Mamba2 is a transformer model that is more efficient than the original Mamba. It is a selective SSM model that can handle multi-dimensional input and output. And it uses multiple heads to handle multi-dimensional input and output.

x_t \in \mathbb{R}^{H \times P} \\ y_t \in \mathbb{R}^{H \times P} \\ h_t \in \mathbb{R}^{H \times P \times N}

$A_t$ is scalar

In Mamba2, $A_t$ is a scalar.

Mamba2 Implementation - HW Incompatible Version

Following code is the implementation of Mamba2 with HW incompatible version. It is HW incompatible because computation includes Broadcasting and Element-wise Multiplication. As a result, it doesn’t fully utilize the Tensor Cores(Ultra-fast Matrix Multiplication Unit) in NVIDIA GPUs.

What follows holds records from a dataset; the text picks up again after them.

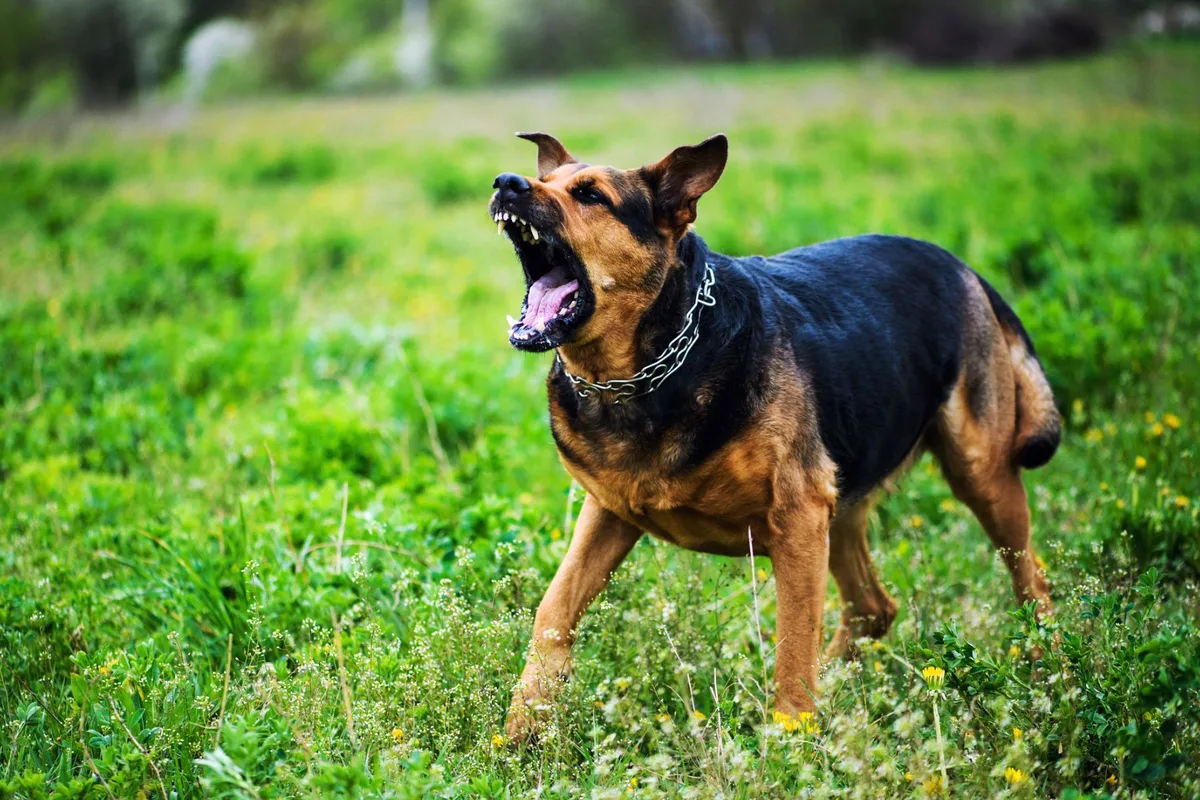 Aggressive dog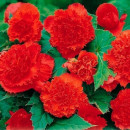 Бегония Fimbriata Red (x2)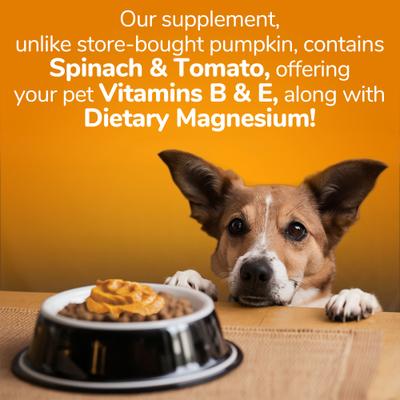Pumpkin SuperBlend Digestive Dog & Cat Supplement, 15-oz, case of 12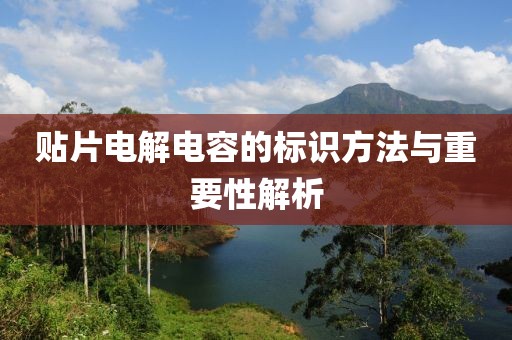 贴片电解电容的标识方法与重要性解析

However, it is still useful to understand the basic idea of Mamba2.

"""
Given
 - x[t]: shape (H, P)
 - y[t]: shape (H, P)
 - h[t]: shape (H, P, N)
 - A[t]: shape (H,) # Scalar per head
 - B[t]: shape (H, N) # Vector per head
 - C[t]: shape (H, N) # Vector per head
 - D[t]: shape (H,) # Scalar per head
"""

for t in range(T):
    # Calculate h[t]
    h[t] = A[t][:, None, None] * h[t-1] # (H, 1, 1) * (H, P, N) -> (H, P, N) # Broadcasting and Element-wise Multiplication
    h[t] += B[t][:, None, :] * x[t][:, :, None] # (H, 1, N) * (H, P, 1) -> (H, P, N) # Broadcasting and Element-wise Multiplication

    # Calculate y[t]
    y[t] = h[t] @  C[t][:, :, None] # (H, P, N) @ (H, N, 1) -> (H, P, 1) # Matrix Multiplication
    y[t] = y[t].squeeze() # (H, P, 1) -> (H, P) # Squeeze the last dimension
    y[t] += D[t][:, None] * x[t]  # (H, 1) * (H, P) -> (H, P) # Broadcasting and Element-wise Multiplication

Mamba2 Mathematical Formulation for HW Compatible Version

In this version, we apply chunking to the input sequence. Within the chunk, we can perform the computation via matrix multiplication.

Assume we are trying to calculate 0th chunk of the input sequence. So we are processing $x_{1:S+1}, y_{1:S+1}, h_{S}$ . We don’t need to get $h_{1:S+1}$ because there is no need to be stored.(next chunk just need $h_{S}$ )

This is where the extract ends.